A couple of years ago, a friend gave me Carl Honore’s book “In Praise of Slow”. I haven’t taken the time (!) until now to read it, but I must say I like it a lot. He describes his conversion towards a more “slow” approach to life in various ways in a very down to earth and funny way going through topics like cities, food, sex, work, medicine and children. His own wakeup came when he realised that he was toying with the idea of buying a collection of “One-Minute Bedtime Stories” for his children at an airport.

Already in 2003, USA Today stated that the slow movement meant big business. Lots of companies and cities have joined the slow movement since then. Of course, research has not been slow to pick up. For example, Dr Philip Howard at Michigan State University has investigated the consolidation of the organic industry and illustrated this in very telling graphics.

The Slow Food movement has also started to look into research and education, and founded in 2003 a University of Gastronomic Sciences. The Swedish equivalent I suppose would be the Department of Restaurant and Culinary Arts at Örebro University, in Grythyttan. They received funding from The Knowledge Foundation as part of their “Creative Industry” program.

In West Sweden we are also oriented towards slow food. The local chapter, Slow Food West, is collaborating with the great “Paradise Gardens” exhibition in Göteborg. Last week I had a healthy snack in Göteborg Botanical Garden, and we also had a big family lunch at my favorite garden, Gunnebo. The restaurant at Gunnebo is part of the consortium “Västsvensk Mersmak” guaranteeing the use of local and organic products and great care in both cooking and presentation.

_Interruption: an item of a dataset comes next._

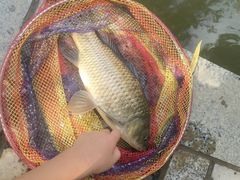 -酷鱼垂钓CLUB(朝阳区博大路店 )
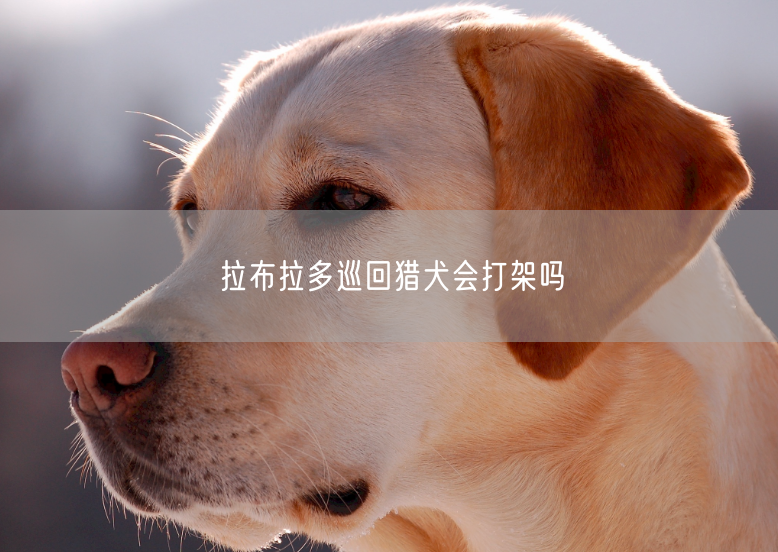 拉布拉多巡回猎犬会打架吗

However, the first city in Sweden to be accepted into the Citta Slow is Falköping. This small city in West Sweden has pledged to the Citta Slow philosophy, festina lente: to haste slowly, to seek the unique and special, to respect the small and local in a globalised world, and to seek sustainable solutions. It will be very interesting to see how they will integrate this into their action plans for regional development and how they relate it to the overall vision of the Västra Götaland Region: “The Good Life”.


Smoke in China

In China, not only the smoke from cars and factories seem to be a problem in relation to the Olympic Games. China has 350 million smokers, a third of the world's total, and a million Chinese a year die from tobacco. Although smoking in public places has been banned in Beijing before the Olympics, it is no wild guess that smoking will continue to be an issue.

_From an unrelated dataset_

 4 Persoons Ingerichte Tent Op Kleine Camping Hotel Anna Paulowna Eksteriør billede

The initiative from Michael Bloomberg and Bill Gates is therefore very welcome, launching a $500 million dollar call on governments to implement proven interventions to reduce tobacco use, save lives. They emphasize the use of the World Health Organization’s program MPOWER:

Monitor tobacco use and the policies to prevent it
Protect people from tobacco smoke
Offer people help to quit tobacco use
Warn about the dangers of tobacco
Enforce bans on tobacco advertising, promotion and sponsorship
Raise taxes on tobacco

They will support complementary efforts to reduce high rates of tobacco use in countries such as China and India, as well as to help prevent the tobacco epidemic from taking root in Africa.

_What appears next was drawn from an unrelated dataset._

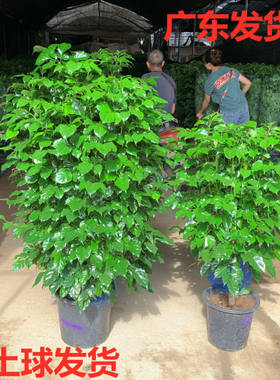 幸福树盆栽大型绿植单杆平安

Of course not everybody is happy with this development. Russian Pravda calls Bloomberg and Gates naïve. According to the Chinese Embassy in the US, China will ban all forms of tobacco promotion by January 2011. Since China is both the largest tobacco producer and consumer, this is an important and not uncontroversial step.

In Sweden around 1,3 million people in Sweden smoke, out of a 9 million population. About 6 500 individuals die every year because of smoking. That is more lives than taken by traffic accidents, hiv/aids, drugs and suicides together, according to Cancerfonden.

A really interesting website is The Tobacco Documents Online, where you can find the documents that the tobacco industry uses in trials in the USA. The website is a search engine, making search through various databases possible.

If you want to get a complementary view of China, watch the wonderful movie CJ7.